# Request: Real Life Villains of ENWorld



## jmucchiello (May 23, 2006)

That thread was so much fun, now that it's closed, how about archiving it?

(Oh and if one of you could merge this post into that thread I'd be most amused as it would be one of the few non-moderator postings in the thread.  )


----------



## Piratecat (May 23, 2006)

jmucchiello said:
			
		

> (Oh and if one of you could merge this post into that thread I'd be most amused as it would be one of the few non-moderator postings in the thread.  )



I would, but that thread is closed so NO ONE CAN POST IN IT!

Not that you can tell.

Hmmph.


----------



## blargney the second (May 23, 2006)

That thread is pretty funny


----------



## Knight Otu (May 23, 2006)

Piratecat said:
			
		

> I would, but that thread is closed so NO ONE CAN POST IN IT!
> 
> Not that you can tell.
> 
> Hmmph.



I, for one, cannot post in that thread. :\


----------



## Piratecat (May 23, 2006)

Knight Otu said:
			
		

> I, for one, cannot post in that thread.
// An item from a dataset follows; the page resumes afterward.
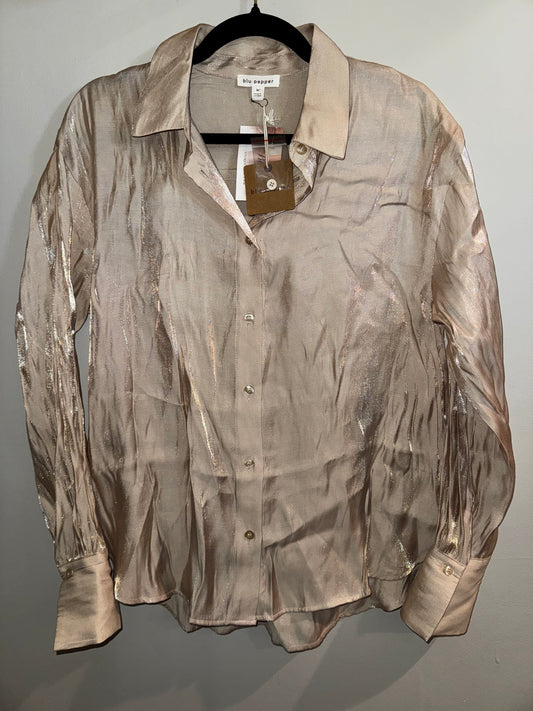 M NWT Blu Pepper Satin button up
When one of those good-for-nothing "mods" moves it to your forum, you will!


----------



## Thornir Alekeg (May 24, 2006)

I think Piratecat is great! He's FAR better than those other mods!  They smell, and Piratecat is way better then THEY are.  Especially than Nemmerle, who is nothing more than a gambado in disguise. Ptui. Or Pie-lore-hole. What's up with HIM?

In fact, I declare a Piratecat revolution! Viva el Gato de Pirata!


----------



## guedo79 (May 24, 2006)

Yes yes.  Revolution! Mutiny!

We shall all become mods and they shall be forced to be puny users.  That will teach them to abuse their power.


----------



## Pielorinho (May 24, 2006)

guedo79 said:
			
		

> Yes yes.  Revolution! Mutiny!
> 
> We shall all become mods and they shall be forced to be puny users.  That will teach them to abuse their power.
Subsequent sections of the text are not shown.